Georgia's Prime Minister Bidzina Ivanishvili on Tuesday expressed optimism about restoring ties with arch-foe Russia while pledging to keep up the ex-Soviet state's pro-Western course. At a press conference convened to sum up his 100 days in power since the surprise win in October parliamentary polls of his Georgian Dream coalition, Ivanishvili said: "Europe is what Georgia belongs to."
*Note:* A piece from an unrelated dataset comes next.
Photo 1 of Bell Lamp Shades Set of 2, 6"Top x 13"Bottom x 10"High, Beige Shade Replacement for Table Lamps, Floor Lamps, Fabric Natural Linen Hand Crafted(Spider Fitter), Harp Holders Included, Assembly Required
He said he hoped that "within 20 years Georgia will be a fully-fledged member of Europe." "Europe will remain our beacon and we should make our European dream come true." In terms of security and defence, "there is no alternative to Nato" membership, he added. But he also said he was "optimistic" about restoring ties with Russia, severed following the 2008 war the two neighbours fought over Georgia's breakaway provinces of South Ossetia and Abkhazia.
"I am optimistic. With careful and measured actions" ties can be restored, he said, adding that a first step would be to renew trade links. "Huge results need more time," he said. "Russians as well as Georgians want our relationships be restored," he said. Ivanishvili - a tycoon who bitterly opposes the anti-Russian rhetoric of President Mikheil Saakashvili - says he is ready to engage Moscow in direct negotiations, vowing however to continue Saakashvili's bid to join Nato and the European Union.
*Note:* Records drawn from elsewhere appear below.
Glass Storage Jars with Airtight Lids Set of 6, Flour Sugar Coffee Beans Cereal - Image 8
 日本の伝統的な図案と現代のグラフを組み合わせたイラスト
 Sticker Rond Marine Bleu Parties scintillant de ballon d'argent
A darling of the West, Saakashvili has long accused Ivanishvili - who made his multi-billion fortune in Russia - of being a Russian stooge. Foreign policy debates are at the centre of a bitter confrontation in the Georgian parliament between Ivanishvili's allies and Saakashvili's fervently pro-Western opposition United National Movement party. Saakashvili's supporters have accused Ivanishvili of threatening Georgia's path towards European and Euro-Atlantic integration and have recently demanded that its pro-Western orientation be cemented in the country's constitution.
Highlighting his uneasy cohabitation with Saakashvili, Ivanishvili attacked his political foe again during the press conference. "The epoch of Saakashvili's lies is over," he said. "They draw apocalyptic pictures, as if something catastrophic is happening in Georgia. They are in panic because they have to answer annoying legal questions," Ivanishvili said.
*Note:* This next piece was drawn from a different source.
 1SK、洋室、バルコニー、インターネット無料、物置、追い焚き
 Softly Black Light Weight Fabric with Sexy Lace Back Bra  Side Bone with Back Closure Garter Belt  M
Dozens of former officials from Saakashvili's government have been arrested during the last three months over alleged wrongdoing, prompting warnings from top European diplomats against selective justice and political persecution of opponents. Ivanishvili's remarks on Russia came just a day after Georgian officials held talks in Moscow to agree a mechanism on lifting the Russian trade embargo on Georgian wine and mineral water.
Russia's consumer watchdog chief Gennady Onishchenko said in Moscow that imports of Georgian wines - highly prized in the former Soviet Union - could resume in the spring if all the conditions are met. Ivanishvili said the reopening of the Russian market to Georgian goods would help kick-start Georgia's struggling agricultural sector.